# Toro Flex 2100 Fair Price?



## Ortho-Doc (Feb 3, 2019)

This Toro flex 2100 looks to be in very good shape and I have heard rave reviews on this site for it. The seller is asking $2500. Assuming it passes inspection in person what price do you all think is fair?


----------



## MasterMech (Sep 24, 2017)

Ortho-Doc said:


> This Toro flex 2100 looks to be in very good shape and I have heard rave reviews on this site for it. The seller is asking $2500. Assuming it passes inspection in person what price do you all think is fair?


Holy 14-blade reel Batman! That one's got all the gear on it for sure. It looks like it was setup as a greens (vs. tees/collars) unit in it's past life. The 14-blade reel is actually a negative if you plan on using it for heights over .125" and I believe the Flex units are limited to .500" HoC with the groomers mounted. There are a few Flex owners on here that can detail what's involved with going higher than .500.

As far as the price, that's going to depend on your intended use. It's ready to go if you're mowing a putting green.
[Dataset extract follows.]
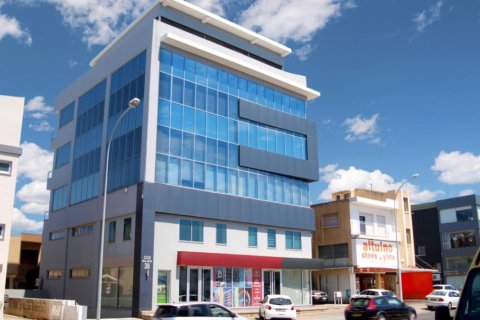 1530m² Commercial property in Limassol, Cyprus No. 106398 6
If you want to mow at 5/8"-3/4"+, I think there are better machines for that.


----------



## Logan200TCP (Apr 9, 2020)

The price is a little high with those hours and the year.
See if you can chisel $300 - $400 off.

There is a lot of reel life left on the machine and the groomers are an added expense.
While the light kit doesn't necessarily add value for you, it should be considered an extra cost.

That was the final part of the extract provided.